Location
- 3855 Old Waynesboro Rd. Hephzibah, Georgia United States 33°21′22″N 82°00′05″W﻿ / ﻿33.355998°N 82.001383°W

Information
- Type: Public
- Established: 1999
- School board: Richmond County Board of Education
- School district: Richmond County School System
- Superintendent: Dr. Malinda Cobb
- Principal: Dr. David Yancey
- Staff: 89.20 (FTE)
- Enrollment: 1,124 (2023-2024)
- Student to teacher ratio: 12.60
- Colors: Crimson and gold
- Mascot: Razorback
- Website: Cross Creek High School

= Cross Creek High School =

Public high school in Hephzibah, Georgia, United States

Cross Creek High School (CCHS) is a public high school located in the South Augusta area of Hephzibah, Georgia, United States. The school is located within the Richmond County School System.

==History==
Cross Creek High School was opened in 1999, for convenience and to relieve overcrowding at nearby Hephzibah High School and Butler High School.

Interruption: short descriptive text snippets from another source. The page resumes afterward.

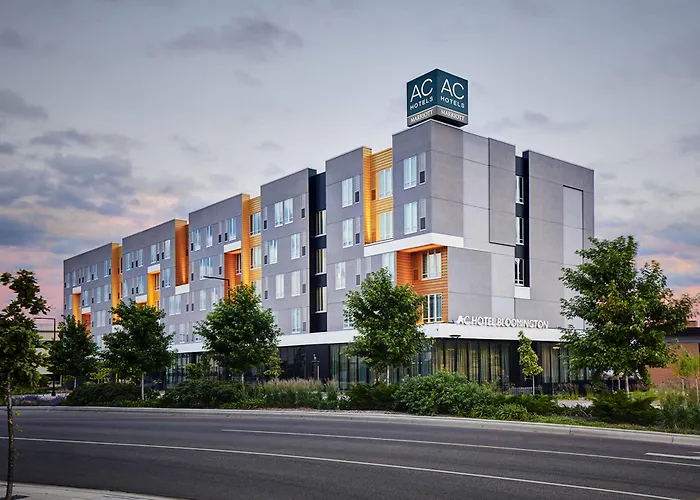 Ac By Marriott Mall Of America Hotel Bloomington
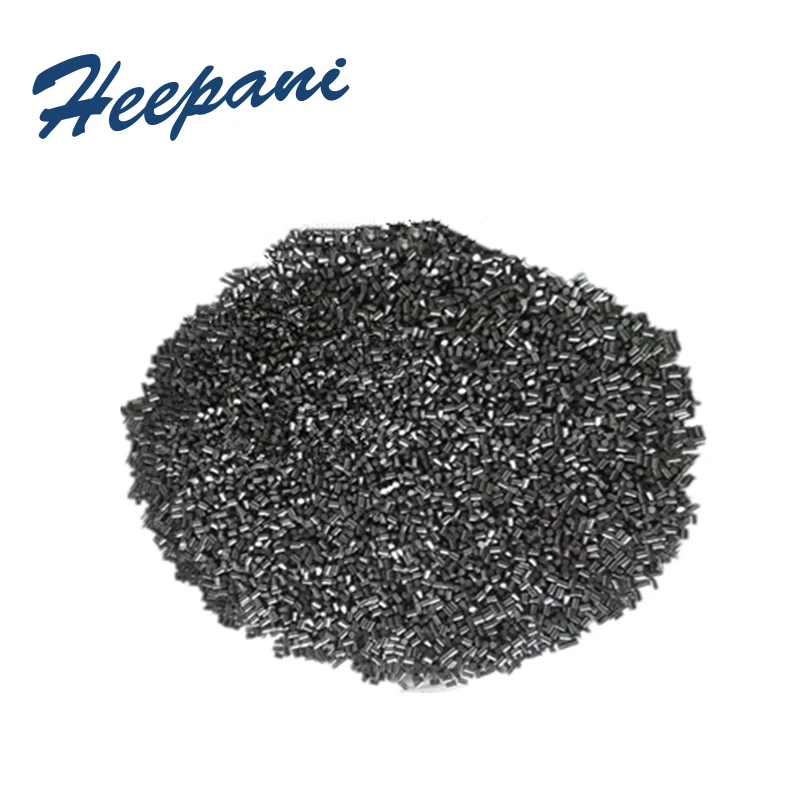 Гранулы Hafnium с 99.99% чистоты сделать научно-исследовательские Hf металлические гранулы для покрытия испарения
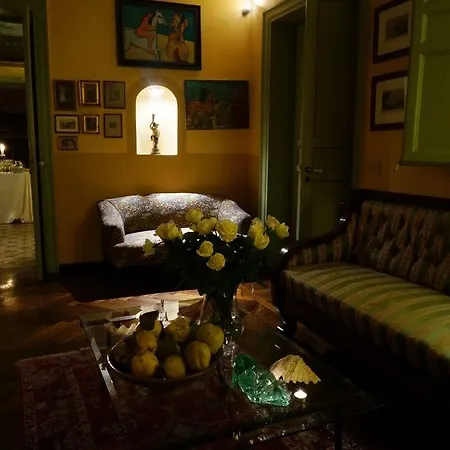 La Dimora Del Genio Bed & Breakfast Palermo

Cross Creek is one of the highest ranking schools in Georgia.

==Demographics==
| Demographics | Percent |
| White | 40% |
| Black | 60% |
| Asian | 1% |
| Hispanic | 2% |
| Unknown | 3% |

==Student activities==

===Athletics===
The school has a variety of team sports and programs. Including football, soccer, softball, baseball, tennis, track, basketball, golf, volleyball, wrestling, cross country, and cheerleading.

===Fine Arts===
Cross Creek High School has an outstanding fine arts department and offers various arts related extracurriculars such as Marching Band, Majorette, Concert Band, Chorus, and Orchestra.

Their band and majorette dance line has received praise from all around the city of Augusta and throughout the state of Georgia. They have scored superior ratings multiple times at LGPE (Large Group Performance Evaluation) and have scored highly at various band battles.

Their band director, Mr. E. Fleming (2022- Present), has received awards such as Band Director of The Year Award (2024), RCSS Band of The Year Award (2024), and Teacher Of The Year Award (2026).